Supplied material:
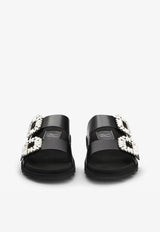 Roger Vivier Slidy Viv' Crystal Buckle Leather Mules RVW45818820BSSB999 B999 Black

---

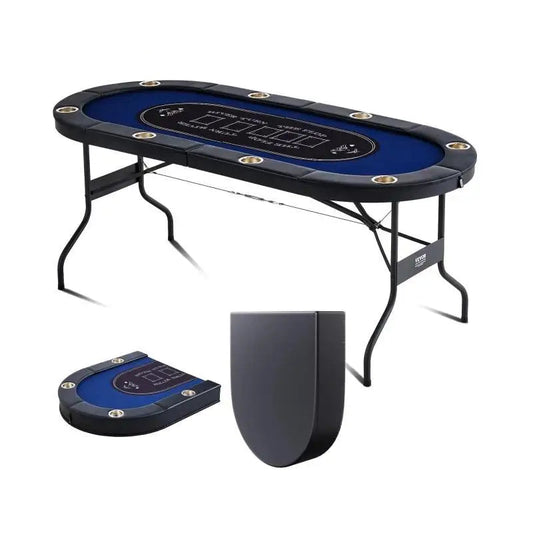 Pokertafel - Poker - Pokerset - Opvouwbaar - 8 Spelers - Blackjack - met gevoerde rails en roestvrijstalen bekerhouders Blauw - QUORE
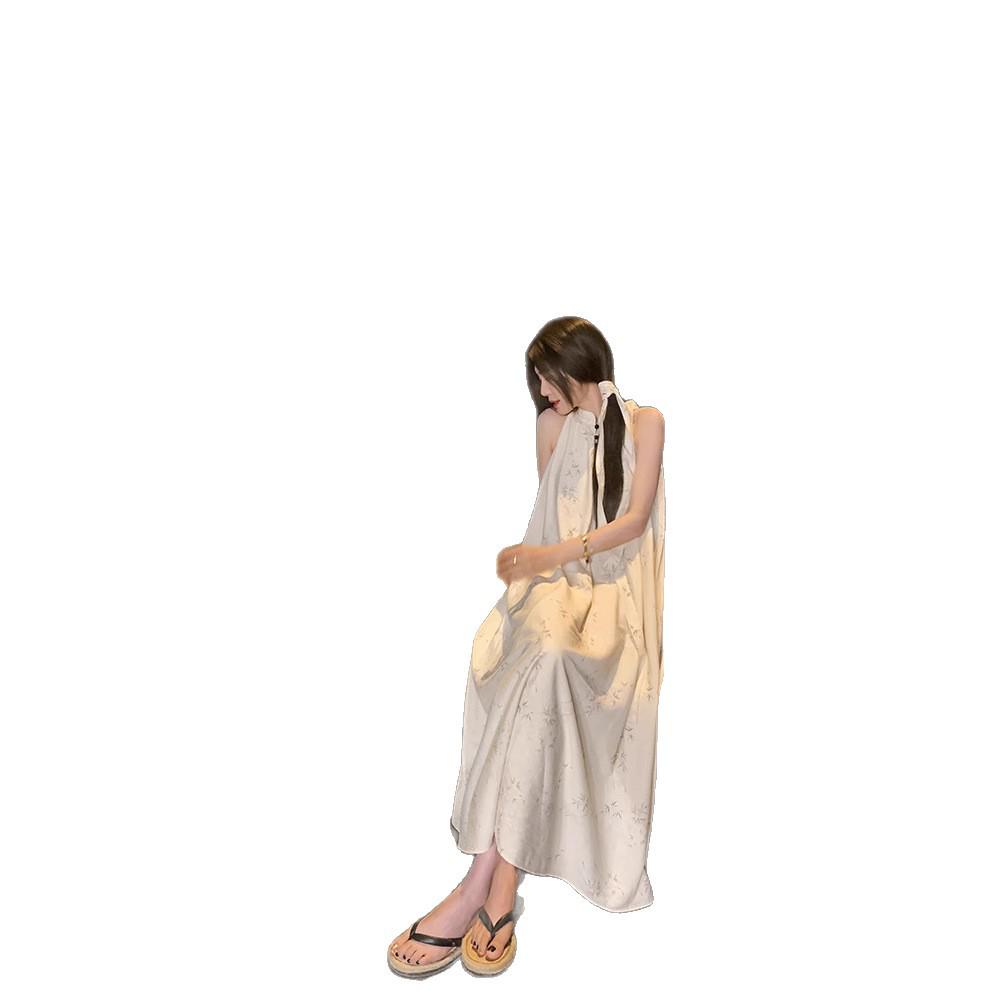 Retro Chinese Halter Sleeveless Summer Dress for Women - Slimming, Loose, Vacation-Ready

==

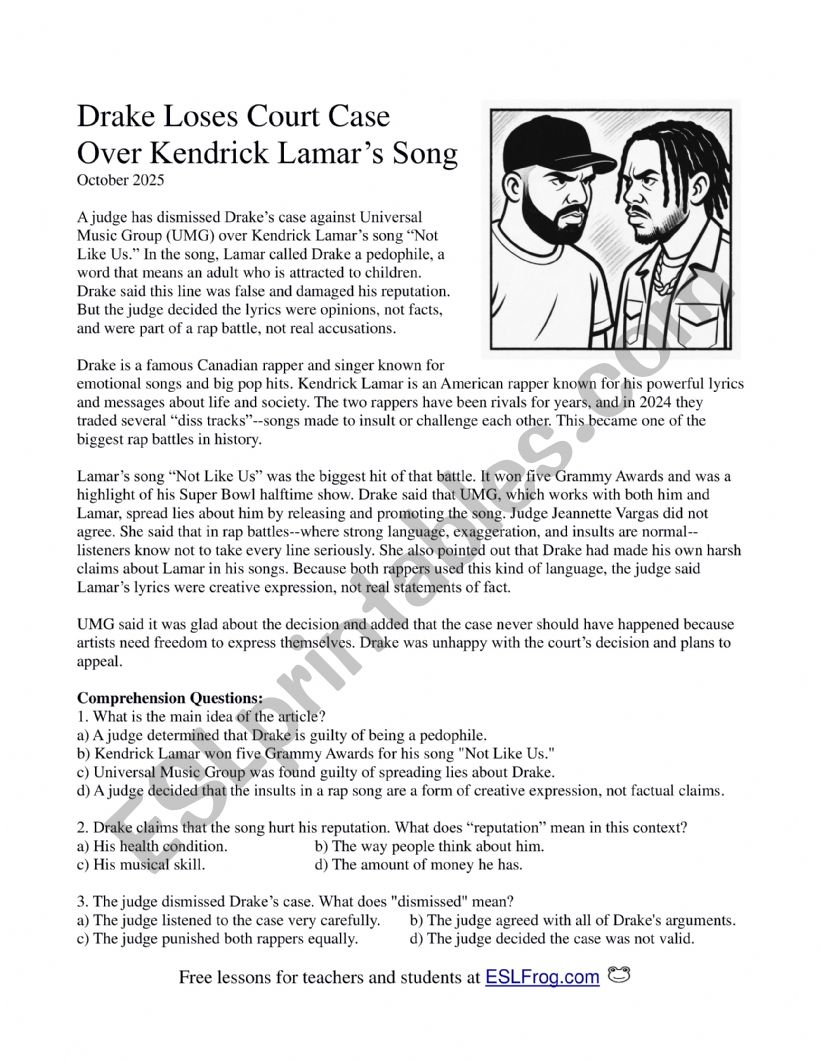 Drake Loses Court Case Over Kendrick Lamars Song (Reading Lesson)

What you need to do: If a picture sits between the line containing "Pokertafel - Poker" and the line containing "Retro Chinese Halter", leave it out, and return the lines of that range above exactly, both ends included.

Response to this exercise:
 Pokertafel - Poker - Pokerset - Opvouwbaar - 8 Spelers - Blackjack - met gevoerde rails en roestvrijstalen bekerhouders Blauw - QUORE
 Retro Chinese Halter Sleeveless Summer Dress for Women - Slimming, Loose, Vacation-Ready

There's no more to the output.